Synopsis

This analysis summarizes the the effect of severe weather events on population health and in terms of economic impact. To this end, data from the NOAA Storm Database was analyzed, spanning from 1950 to 2011. The highest impact event by a large margin for total fatalities were tornadoes (5633 fatalities) followed by excessive heat (1903). For injuries, again tornadoes was most predominant with over 90000 injuries followed by other root cause all below 7000 injuries. The economic impact was most severe from floods (138 billion USD) followed by hurricanes/typhoons (29 billion USD) and tornados (17 billion USD).

Data Processing

The complete dataset was imported into R and unecessary columns removed, to reduce the overall size. The impact on population health (both from fatalities and injuries) was summarized by event type and filtered by the 10 predominent event types. Bar plots were created for both fatalities and injuries by event type. To analyze the economic impact, both property damages and crop damages were summed up per event type. Again the resulting dataset was filtered by the 10 predominent event types and a bar chart with top 10 economic impact per event type was created. For details on the data processing, please see the commented R code below.

library(readr)
## Warning: package 'readr' was built under R version 4.5.2
library(dplyr)
## 
## Attaching package: 'dplyr'
## The following objects are masked from 'package:stats':
## 
##     filter, lag
## The following objects are masked from 'package:base':
## 
##     intersect, setdiff, setequal, union
library(ggplot2)

# loading the data
df1 <- read_csv("repdata_data_StormData.csv.bz2")
## Rows: 902297 Columns: 37
## ── Column specification ────────────────────────────────────────────────────────
## Delimiter: ","
## chr (18): BGN_DATE, BGN_TIME, TIME_ZONE, COUNTYNAME, STATE, EVTYPE, BGN_AZI,...
## dbl (18): STATE__, COUNTY, BGN_RANGE, COUNTY_END, END_RANGE, LENGTH, WIDTH, ...
## lgl  (1): COUNTYENDN
## 
## ℹ Use `spec()` to retrieve the full column specification for this data.
## ℹ Specify the column types or set `show_col_types = FALSE` to quiet this message.
# selecting the columns needed for this analysis
df2 <- df1 %>% select(EVTYPE, FATALITIES:CROPDMGEXP)

##----
## Q2 Across the United States, which types of events (as indicated in the  EVTYPE EVTYPEstart color red, start verbatim, EVTYPE, end verbatim, end color red variable) are most harmful with respect to population health?
##----

# grouping the dataset by EVTYPE, summarizing the total injuries by EVTYPE, and ungrouping again; arranging the
# data by EVTYPE with most frequent injuries and selecting the 10 EVTYPEs with the most frequent injuries
df2_inj <- df2 %>% group_by(EVTYPE) %>% summarise(tot_inj = sum(INJURIES, na.rm = TRUE), .groups = "drop") %>% 
  arrange(desc(tot_inj)) %>% slice_head(n = 10)

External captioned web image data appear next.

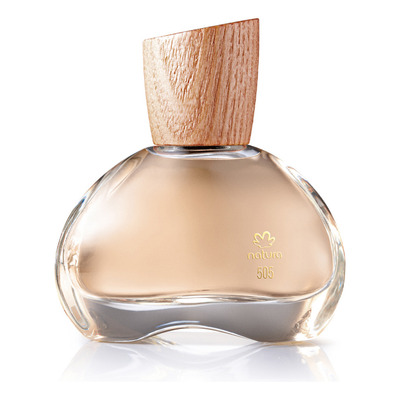 Decifrando o Perfil Olfativo do Perfume Tarot: Notas e Sensações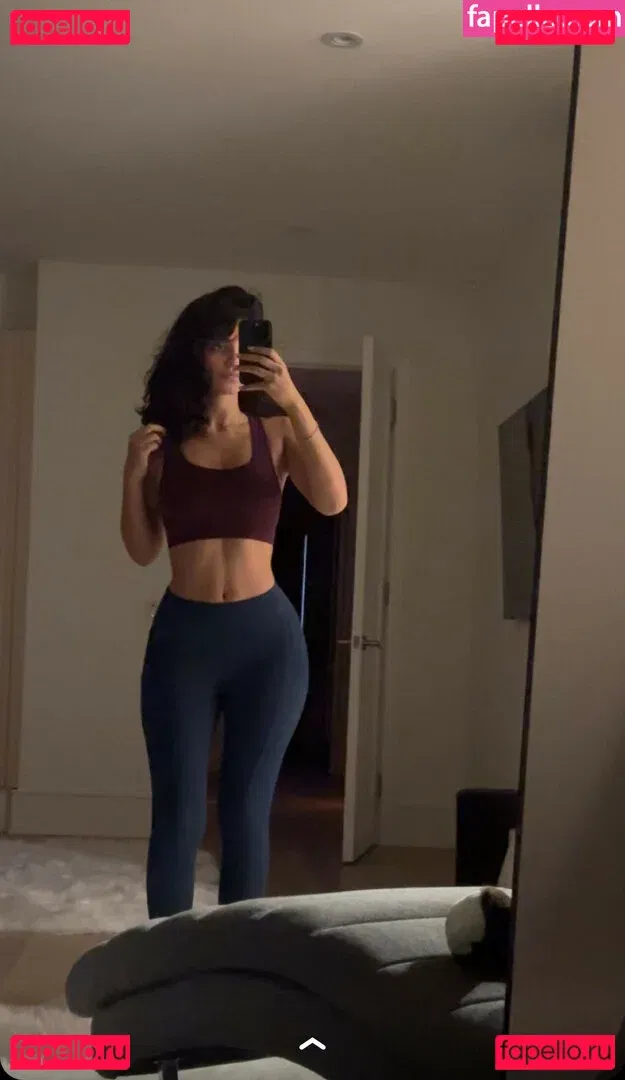 Melody Oz Onlyfans Photo Gallery 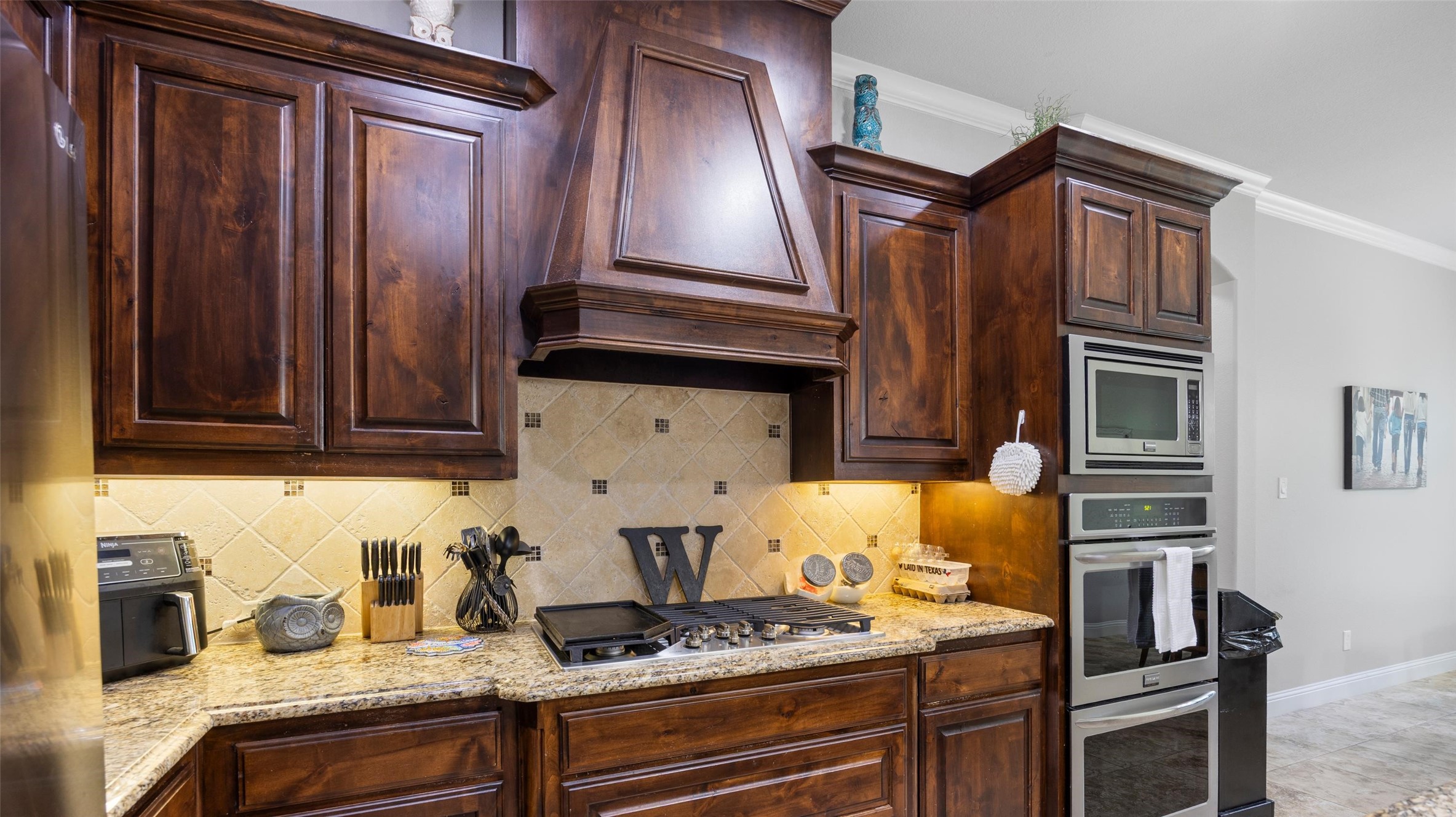 511 Oak Forest Court Kennedale TX 76060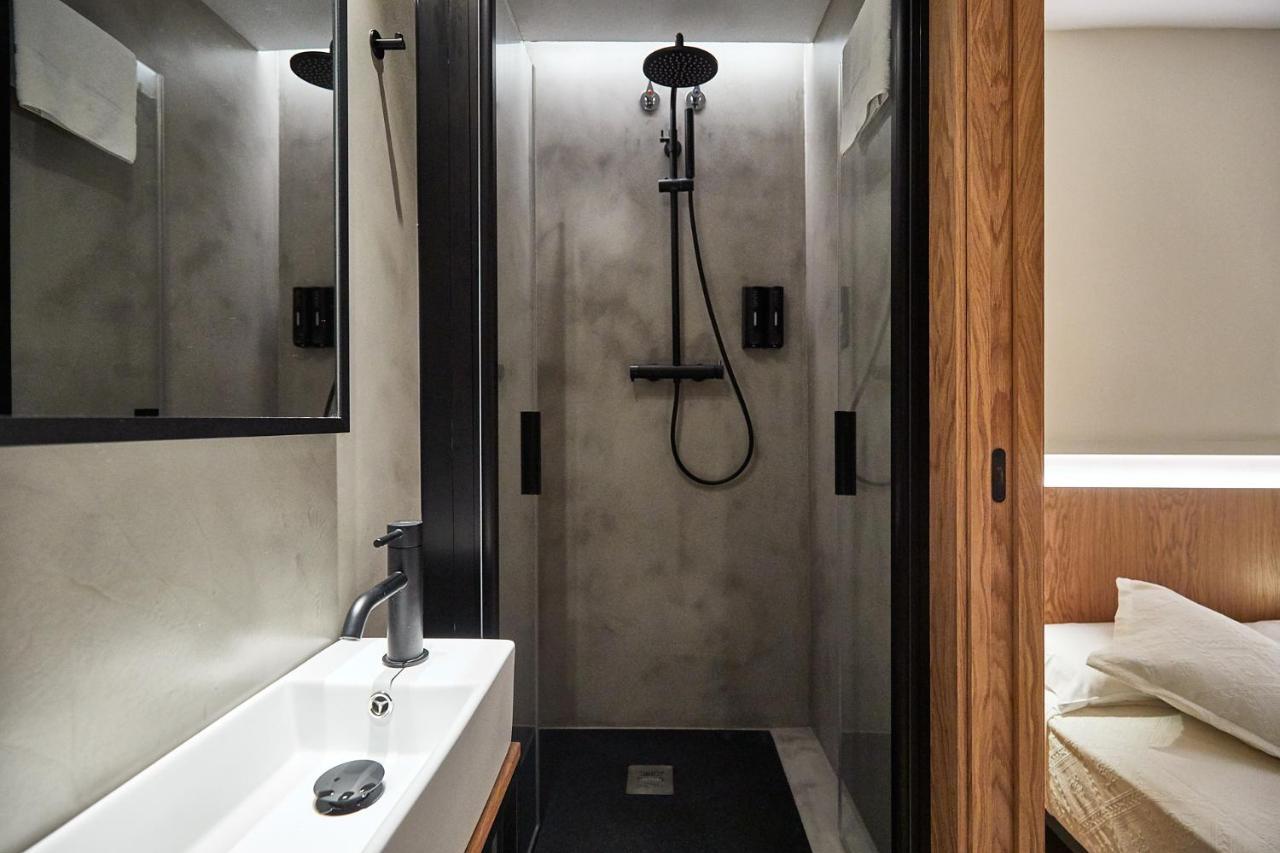 Ella Hostel Ramblas Barcelona Luaran gambar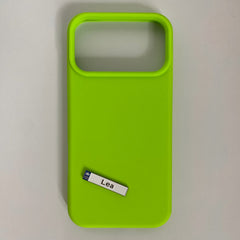 Pinkgul.no Lea decorative metal sticker with raised design applied to a bright lime green smartphone case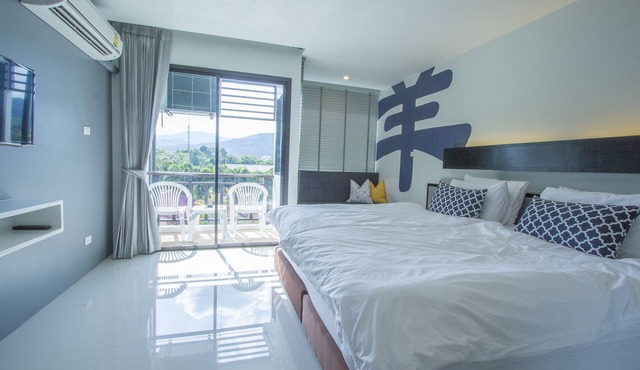 A Nice clean superior king or twin room in Tambon Wichit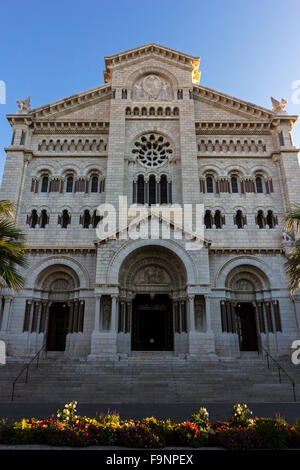 La Cathédrale de Saint Nicolas à Monaco pendant un matin ensoleillé Banque D'Images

# creating a plot for the EVTYPE with the 10 most frequent fatalities
p_inj <- ggplot(df2_inj, aes(x = reorder(EVTYPE, -tot_inj), y = tot_inj, fill = tot_inj)) + geom_col() +
  geom_text(
    aes(label = round(tot_inj, 0)),
    vjust = -0.3,
    size = 3) +
    labs(
    x = "Event Type",
    y = "Total Injuries",
    title = "Total Injuries by Event Type (Top 10 Event Types)") +
  theme(axis.text.x = element_text(angle = 45, hjust = 1)
  )

# grouping the dataset by EVTYPE, summarizing the total fatalities by EVTYPE, and ungrouping again; arranging the
# data by EVTYPE with most frequent fatalities and selecting the 10 EVTYPEs with the most frequent fatalities
df2_fat <- df2 %>% group_by(EVTYPE) %>% summarise(tot_fat = sum(FATALITIES, na.rm = TRUE), .groups = "drop") %>%
  arrange(desc(tot_fat)) %>% slice_head(n = 10)

# creating a plot for the EVTYPE with the 10 most frequent fatalities
p_fat <- ggplot(df2_fat, aes(x = reorder(EVTYPE, -tot_fat), y = tot_fat, fill = tot_fat)) + geom_col() +
  geom_text(
    aes(label = round(tot_fat, 0)),
    vjust = -0.3,
    size = 3) +
  labs(
    x = "Event Type",
    y = "Total Fatalities",
    title = "Total Fatalities by Event Type (Top 10 Event Types)"
  ) +
  theme(
    axis.text.x = element_text(angle = 45, hjust = 1)
  )


##----
## Q2 Across the United States, which types of events have the greatest economic consequences?
##----

# Fining out which exponents are present in the date for property and crop damage
p_exp <- df2 %>% distinct(PROPDMGEXP) %>% arrange(PROPDMGEXP)
c_exp <- df2 %>% distinct(CROPDMGEXP) %>% arrange(CROPDMGEXP)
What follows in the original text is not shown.